The second strip is kind of brutal (if you dislike violence against innocent robots) and made me go “oh no!”. Sure it ends with a “hurray”, but I still felt sad at the end.

The final comic is about a robot at a party and kind of feels like every time I’ve ever gone out. Robot sees cute girl, girl is like “yeah, we can dance I guess”, robot goes home with girl, girl hits robot with baseball bat, girl does horrible things to robot. Why must you be so cruel to robots girl? Why?


Despite all the robot sadness and destruction this is totally worth picking up. Robots! Comics! Alcohol!* What is not to love?

*Okay, that might just be that I am currently drinking.

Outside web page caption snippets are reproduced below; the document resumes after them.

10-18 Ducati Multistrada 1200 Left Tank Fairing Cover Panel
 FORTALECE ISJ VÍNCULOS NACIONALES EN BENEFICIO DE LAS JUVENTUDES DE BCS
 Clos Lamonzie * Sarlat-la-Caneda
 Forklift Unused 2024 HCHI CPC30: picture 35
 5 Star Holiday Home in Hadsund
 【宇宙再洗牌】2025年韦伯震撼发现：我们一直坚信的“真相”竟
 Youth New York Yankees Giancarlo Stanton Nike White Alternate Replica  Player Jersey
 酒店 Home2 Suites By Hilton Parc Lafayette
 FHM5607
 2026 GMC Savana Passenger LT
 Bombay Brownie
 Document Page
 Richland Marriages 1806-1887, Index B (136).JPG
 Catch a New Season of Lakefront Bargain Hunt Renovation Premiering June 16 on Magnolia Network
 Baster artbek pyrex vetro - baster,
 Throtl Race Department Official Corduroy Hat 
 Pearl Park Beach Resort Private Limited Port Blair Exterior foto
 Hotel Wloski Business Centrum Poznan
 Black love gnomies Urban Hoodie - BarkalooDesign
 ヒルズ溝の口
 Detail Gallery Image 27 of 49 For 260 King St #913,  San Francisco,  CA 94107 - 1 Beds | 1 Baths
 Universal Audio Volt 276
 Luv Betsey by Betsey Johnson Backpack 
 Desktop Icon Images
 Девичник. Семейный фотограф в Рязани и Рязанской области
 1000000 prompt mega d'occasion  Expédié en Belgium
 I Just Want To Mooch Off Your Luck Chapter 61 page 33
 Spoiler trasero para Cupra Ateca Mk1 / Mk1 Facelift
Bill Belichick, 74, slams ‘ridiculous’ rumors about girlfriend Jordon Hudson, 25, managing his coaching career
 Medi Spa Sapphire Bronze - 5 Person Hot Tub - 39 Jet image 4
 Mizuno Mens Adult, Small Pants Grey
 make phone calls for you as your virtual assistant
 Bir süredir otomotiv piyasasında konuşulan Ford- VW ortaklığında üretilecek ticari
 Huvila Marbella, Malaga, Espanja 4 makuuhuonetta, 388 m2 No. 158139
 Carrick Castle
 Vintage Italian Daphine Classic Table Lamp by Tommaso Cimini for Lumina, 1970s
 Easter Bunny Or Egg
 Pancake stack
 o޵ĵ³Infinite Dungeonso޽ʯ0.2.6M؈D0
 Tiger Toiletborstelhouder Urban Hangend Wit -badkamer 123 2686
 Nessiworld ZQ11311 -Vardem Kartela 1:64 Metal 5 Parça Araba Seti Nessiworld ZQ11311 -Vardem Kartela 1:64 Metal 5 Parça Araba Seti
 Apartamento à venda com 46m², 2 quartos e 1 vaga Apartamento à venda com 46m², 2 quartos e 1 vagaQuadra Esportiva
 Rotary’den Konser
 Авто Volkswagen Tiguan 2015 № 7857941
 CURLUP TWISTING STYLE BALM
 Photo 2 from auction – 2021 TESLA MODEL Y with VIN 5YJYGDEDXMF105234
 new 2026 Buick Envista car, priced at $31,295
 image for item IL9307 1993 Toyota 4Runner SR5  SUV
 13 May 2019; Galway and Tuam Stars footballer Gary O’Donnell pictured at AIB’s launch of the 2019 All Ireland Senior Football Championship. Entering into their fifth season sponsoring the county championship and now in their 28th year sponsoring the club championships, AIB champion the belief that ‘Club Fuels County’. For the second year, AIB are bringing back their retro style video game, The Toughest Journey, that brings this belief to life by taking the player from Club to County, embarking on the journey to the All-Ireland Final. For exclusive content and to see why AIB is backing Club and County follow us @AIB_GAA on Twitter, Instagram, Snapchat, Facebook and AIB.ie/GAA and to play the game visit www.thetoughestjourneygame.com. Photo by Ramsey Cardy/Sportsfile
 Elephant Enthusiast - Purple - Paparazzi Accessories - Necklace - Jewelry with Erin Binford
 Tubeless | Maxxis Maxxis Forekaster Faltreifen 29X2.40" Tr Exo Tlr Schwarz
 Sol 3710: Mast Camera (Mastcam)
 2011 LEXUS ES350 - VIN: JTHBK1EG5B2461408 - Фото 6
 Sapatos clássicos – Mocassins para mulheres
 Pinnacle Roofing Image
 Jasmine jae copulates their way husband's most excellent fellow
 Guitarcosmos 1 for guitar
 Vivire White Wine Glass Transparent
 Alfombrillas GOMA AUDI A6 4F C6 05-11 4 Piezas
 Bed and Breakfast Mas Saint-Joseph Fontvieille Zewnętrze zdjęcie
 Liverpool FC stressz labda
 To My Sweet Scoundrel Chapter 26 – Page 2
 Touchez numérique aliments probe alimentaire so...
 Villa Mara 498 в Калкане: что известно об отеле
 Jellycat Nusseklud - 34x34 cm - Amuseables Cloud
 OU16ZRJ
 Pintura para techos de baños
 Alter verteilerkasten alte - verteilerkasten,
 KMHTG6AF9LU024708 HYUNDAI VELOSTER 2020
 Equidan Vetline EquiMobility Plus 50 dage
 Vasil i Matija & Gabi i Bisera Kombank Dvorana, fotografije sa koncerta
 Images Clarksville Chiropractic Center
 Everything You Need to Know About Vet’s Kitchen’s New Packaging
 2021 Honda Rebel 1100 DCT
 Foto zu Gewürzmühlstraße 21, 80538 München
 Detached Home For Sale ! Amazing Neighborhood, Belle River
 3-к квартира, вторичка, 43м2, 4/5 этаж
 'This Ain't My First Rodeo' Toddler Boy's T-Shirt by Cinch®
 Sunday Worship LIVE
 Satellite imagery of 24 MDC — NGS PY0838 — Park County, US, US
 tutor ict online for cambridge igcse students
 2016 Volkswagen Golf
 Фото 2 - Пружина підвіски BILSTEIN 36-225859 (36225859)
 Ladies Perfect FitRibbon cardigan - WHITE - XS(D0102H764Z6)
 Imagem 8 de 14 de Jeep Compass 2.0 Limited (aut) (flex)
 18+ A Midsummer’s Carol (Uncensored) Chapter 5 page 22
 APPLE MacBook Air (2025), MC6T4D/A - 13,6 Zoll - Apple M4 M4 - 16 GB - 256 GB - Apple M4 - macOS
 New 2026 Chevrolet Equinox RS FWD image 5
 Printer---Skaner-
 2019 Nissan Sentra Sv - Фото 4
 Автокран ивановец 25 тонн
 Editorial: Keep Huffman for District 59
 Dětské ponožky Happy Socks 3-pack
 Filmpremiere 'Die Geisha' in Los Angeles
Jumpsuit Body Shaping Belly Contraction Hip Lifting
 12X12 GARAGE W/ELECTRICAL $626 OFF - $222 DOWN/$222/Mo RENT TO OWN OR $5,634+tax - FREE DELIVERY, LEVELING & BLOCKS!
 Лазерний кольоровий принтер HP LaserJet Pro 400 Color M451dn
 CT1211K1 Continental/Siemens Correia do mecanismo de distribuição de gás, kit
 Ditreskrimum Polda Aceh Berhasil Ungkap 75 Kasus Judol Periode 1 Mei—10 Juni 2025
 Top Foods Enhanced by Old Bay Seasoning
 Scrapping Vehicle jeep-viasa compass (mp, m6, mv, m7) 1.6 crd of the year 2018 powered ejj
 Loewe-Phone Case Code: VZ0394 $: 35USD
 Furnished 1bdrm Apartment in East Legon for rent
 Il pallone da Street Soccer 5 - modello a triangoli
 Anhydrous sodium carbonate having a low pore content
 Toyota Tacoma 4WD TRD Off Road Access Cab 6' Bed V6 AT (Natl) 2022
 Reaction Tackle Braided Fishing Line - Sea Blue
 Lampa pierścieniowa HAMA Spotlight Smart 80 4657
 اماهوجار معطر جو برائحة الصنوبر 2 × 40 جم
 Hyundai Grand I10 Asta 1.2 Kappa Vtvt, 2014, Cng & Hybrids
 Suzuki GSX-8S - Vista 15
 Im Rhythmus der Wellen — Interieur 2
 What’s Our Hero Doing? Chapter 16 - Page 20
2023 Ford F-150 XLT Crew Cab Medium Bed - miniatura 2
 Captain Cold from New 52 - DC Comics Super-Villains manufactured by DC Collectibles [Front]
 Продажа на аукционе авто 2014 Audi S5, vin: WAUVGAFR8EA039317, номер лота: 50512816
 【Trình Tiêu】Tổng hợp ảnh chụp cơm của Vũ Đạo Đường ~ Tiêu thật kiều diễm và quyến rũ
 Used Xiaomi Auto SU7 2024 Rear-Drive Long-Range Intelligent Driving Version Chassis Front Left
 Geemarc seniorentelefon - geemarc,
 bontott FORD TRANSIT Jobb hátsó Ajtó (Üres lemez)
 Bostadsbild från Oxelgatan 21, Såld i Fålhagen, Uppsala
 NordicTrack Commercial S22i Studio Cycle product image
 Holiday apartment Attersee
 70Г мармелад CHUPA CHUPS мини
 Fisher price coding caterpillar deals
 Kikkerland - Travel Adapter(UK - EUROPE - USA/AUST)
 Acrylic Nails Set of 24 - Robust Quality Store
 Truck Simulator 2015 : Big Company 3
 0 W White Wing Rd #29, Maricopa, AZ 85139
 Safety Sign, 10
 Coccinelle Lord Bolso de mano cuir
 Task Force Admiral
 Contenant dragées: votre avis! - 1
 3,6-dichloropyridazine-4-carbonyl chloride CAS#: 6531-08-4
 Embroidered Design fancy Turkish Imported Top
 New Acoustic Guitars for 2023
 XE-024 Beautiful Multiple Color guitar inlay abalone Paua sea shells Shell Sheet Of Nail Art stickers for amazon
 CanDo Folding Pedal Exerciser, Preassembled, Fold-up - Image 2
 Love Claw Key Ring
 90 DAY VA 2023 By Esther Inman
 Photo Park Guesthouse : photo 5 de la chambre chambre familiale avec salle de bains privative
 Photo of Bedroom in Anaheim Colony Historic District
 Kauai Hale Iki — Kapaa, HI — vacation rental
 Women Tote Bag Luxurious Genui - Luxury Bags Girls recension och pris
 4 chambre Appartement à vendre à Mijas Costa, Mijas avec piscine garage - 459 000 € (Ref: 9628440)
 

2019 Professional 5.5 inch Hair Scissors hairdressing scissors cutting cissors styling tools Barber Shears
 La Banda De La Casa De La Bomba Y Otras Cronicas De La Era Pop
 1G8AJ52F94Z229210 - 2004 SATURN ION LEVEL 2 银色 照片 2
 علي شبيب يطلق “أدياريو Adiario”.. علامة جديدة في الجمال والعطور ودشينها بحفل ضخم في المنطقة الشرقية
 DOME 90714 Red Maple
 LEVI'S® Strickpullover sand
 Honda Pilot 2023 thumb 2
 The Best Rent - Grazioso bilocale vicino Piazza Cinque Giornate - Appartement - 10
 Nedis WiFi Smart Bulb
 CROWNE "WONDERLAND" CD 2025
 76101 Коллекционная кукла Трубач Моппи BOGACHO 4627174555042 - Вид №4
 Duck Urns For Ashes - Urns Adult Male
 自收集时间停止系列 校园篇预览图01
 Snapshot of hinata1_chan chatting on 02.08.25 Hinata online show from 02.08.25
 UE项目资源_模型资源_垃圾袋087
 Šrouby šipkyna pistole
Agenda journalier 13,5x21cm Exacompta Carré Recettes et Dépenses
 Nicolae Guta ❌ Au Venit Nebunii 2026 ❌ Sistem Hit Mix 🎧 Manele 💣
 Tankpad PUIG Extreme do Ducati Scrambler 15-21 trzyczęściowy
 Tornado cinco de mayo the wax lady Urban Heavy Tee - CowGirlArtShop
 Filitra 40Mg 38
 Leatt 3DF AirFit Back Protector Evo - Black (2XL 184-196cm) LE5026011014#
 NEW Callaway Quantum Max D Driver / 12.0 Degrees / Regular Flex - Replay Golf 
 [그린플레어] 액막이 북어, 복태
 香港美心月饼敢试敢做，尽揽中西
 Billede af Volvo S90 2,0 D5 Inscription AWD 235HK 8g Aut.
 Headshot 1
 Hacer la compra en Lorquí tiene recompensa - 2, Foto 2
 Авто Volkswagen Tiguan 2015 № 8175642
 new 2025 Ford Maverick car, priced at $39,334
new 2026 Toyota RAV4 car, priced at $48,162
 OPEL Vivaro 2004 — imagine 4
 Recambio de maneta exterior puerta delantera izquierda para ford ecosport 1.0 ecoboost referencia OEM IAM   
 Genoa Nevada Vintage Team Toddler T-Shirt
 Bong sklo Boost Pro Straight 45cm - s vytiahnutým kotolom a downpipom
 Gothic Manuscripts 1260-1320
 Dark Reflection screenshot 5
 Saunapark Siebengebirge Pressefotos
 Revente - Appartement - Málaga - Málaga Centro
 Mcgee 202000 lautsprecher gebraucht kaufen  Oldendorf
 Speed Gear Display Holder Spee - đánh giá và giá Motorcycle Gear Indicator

Shhhhh.

Thursday, March 18, 2010

An Investigation: Shoplifting

By Badface

I used to shoplift a lot. Well not “a lot” a lot, but I stole several hundred dollars worth of stuff over a couple of years. It adds up pretty quick, especially when you’re stealing text books from your university (expensive!).

Shoplifting becomes addictive, the thrill, the adrenalin, the rush, the sense of accomplishment. Badface says that after shoplifting the “relief and buzz is like a drug running all through my body. Except it’s way better than drugs...”. Even if you start out shoplifting for need, you probably end up shoplifting random crap you don’t even want because it becomes an addictive habit. Something that is both incredibly easy and almost second nature. “Oh,” you think “that looks vaguely interesting, but I can’t be bothered spending money on it” and then you walk out of the store, and later find that no, it wasn’t worth paying for, but it also wasn’t worth stealing.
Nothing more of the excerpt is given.